ACG: Action Coherence Guidance for Flow-based VLA Models

Minho Park*, Kinam Kim*, Junha Hyung, Hyojin Jang, Hoiyeong Jin, Jooyeol Yun, Hojoon Lee, and Jaegul Choo
DAVIAN Robotics, KAIST AI
arXiv 2025. (* indicates equal contribution)

🌐 Overview

Action Coherence Guidance (ACG) is a training-free, test-time guidance algorithm that improves temporal and spatial action consistency in Vision-Language-Action (VLA) models. It mitigates motion jitter, unintended pauses, and trajectory drift caused by noisy demonstrations, resulting in stable and precise robotic manipulation.

Vanilla_GR00T-N1_vs_Ours.mp4

🔑 Key Features

Training-Free Guidance: Enhances action coherence during inference without retraining or fine-tuning.
Plug-and-Play Integration: Seamlessly compatible with existing diffusion and flow-matching VLA policies across multiple benchmarks.
Proven Performance: Demonstrates consistent improvements in success rate on RoboCasa, DexMimicGen, and real-world SO-101 manipulation tasks.

⚙️ Getting Started

📦 Installation Guide

# Create conda environment
conda create -n acg python=3.10 -y
conda activate acg

# Install PyTorch (adjust CUDA version if needed)
pip install torch==2.7.1 torchvision==0.22.1 torchaudio==2.7.1 --index-url https://download.pytorch.org/whl/cu128

# Install core dependencies
pip install -e libs/Isaac-GR00T-N1
pip install --no-build-isolation flash-attn==2.8.3

# Robosuite and RoboCasa
pip install libs/robosuite/
pip install -e libs/robocasa/

# Download RoboCasa assets (~5GB)
python libs/robocasa/robocasa/scripts/download_kitchen_assets.py

# Robomimic and DexMimicGen
pip install -e libs/robomimic/ --no-dependencies
pip install -e libs/dexmimicgen/ --no-dependencies

# Remaining requirements
pip install -r requirements.txt

🧩 Repository Features

To the best of our knowledge, this is the first public repository offering post-trained GR00T-N1-2B models and rollout scripts on both RoboCasa and DexMimicGen benchmarks.

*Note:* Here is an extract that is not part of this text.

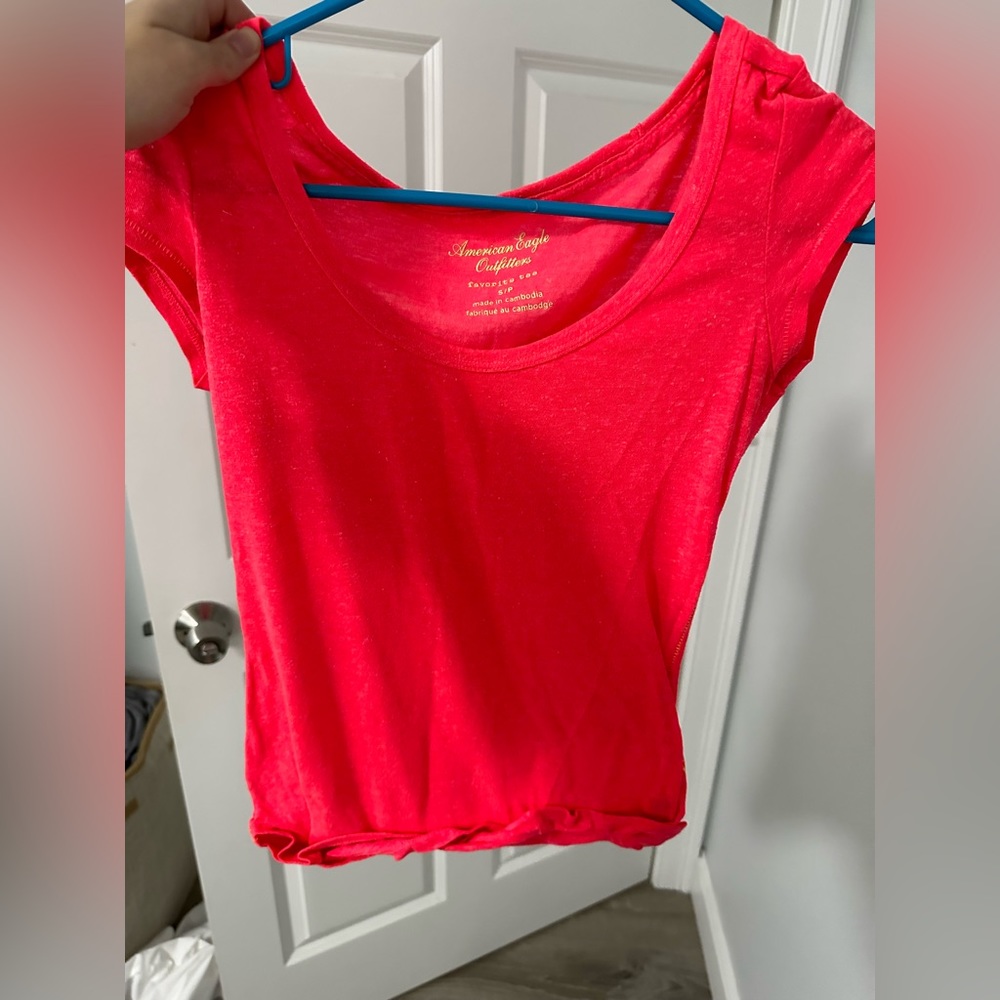 Size small AE tee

RoboCasa: Reproduced score (32.6) closely matches the reported result (32.1).

DexMimicGen: Reproduced score (40.6) is lower than the reported (58.5); the cause is under investigation.

⚠️ This is an unofficial reproduction. Contributions and issue reports are highly welcome.

Repository Highlights

Self-contained Finetuning & Inference for GR00T-N1-2B.
Training script: gr00t_finetune_robocasa.py
- Utilizes a modified Robomimic DataLoader to finetune GR00T-N1-2B on RoboCasa and DexMimicGen datasets.
- Supports multiple embodiments — SinglePandaGripper for RoboCasa, and BimanualPandaGripper, BimanualPandaHand, GR1 for DexMimicGen.
- Note: the official GR00T-N1-2B post-training code only supports humanoid (GR1) embodiments.
Rollout script: rollout_with_robomimic.py
- Adapted from the Robomimic rollout framework.
- You can directly perform rollouts using our finetuned models from Hugging Face.

🚀 Quick Start

We provide RoboCasa examples below. For DexMimicGen and more detailed scripts, see ./scripts/run_gr00t.md.

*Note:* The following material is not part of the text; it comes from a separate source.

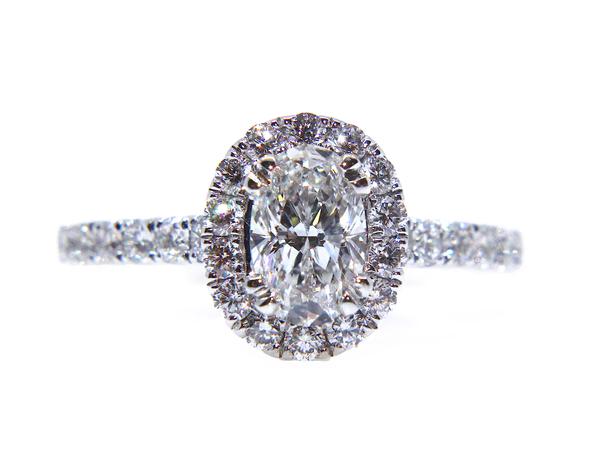 Platinum-Oval-Halo-Diamond-Engagement-Ring-GIA-Certified-F-VS2-1.16ct-Campbell-Jewellers_grande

🔧 Training (Post-Training Phase)

Before starting, make sure to download each dataset from its official repository: RoboCasa, DexMimicGen.
Then, update the dataset paths in the Robomimic config files accordingly.

n_mg="100"
ngpu="1"
bs="64"
ga="2"
steps="60000"
training_seed="42"
exp_name="MG${n_mg}/LR=1e-4_Bs=${ngpu}x${bs}x${ga}_Steps=${steps}_Seed=${training_seed}${note}"

export WANDB_ENTITY="your-entity"
export WANDB_PROJECT="Your Robot Project"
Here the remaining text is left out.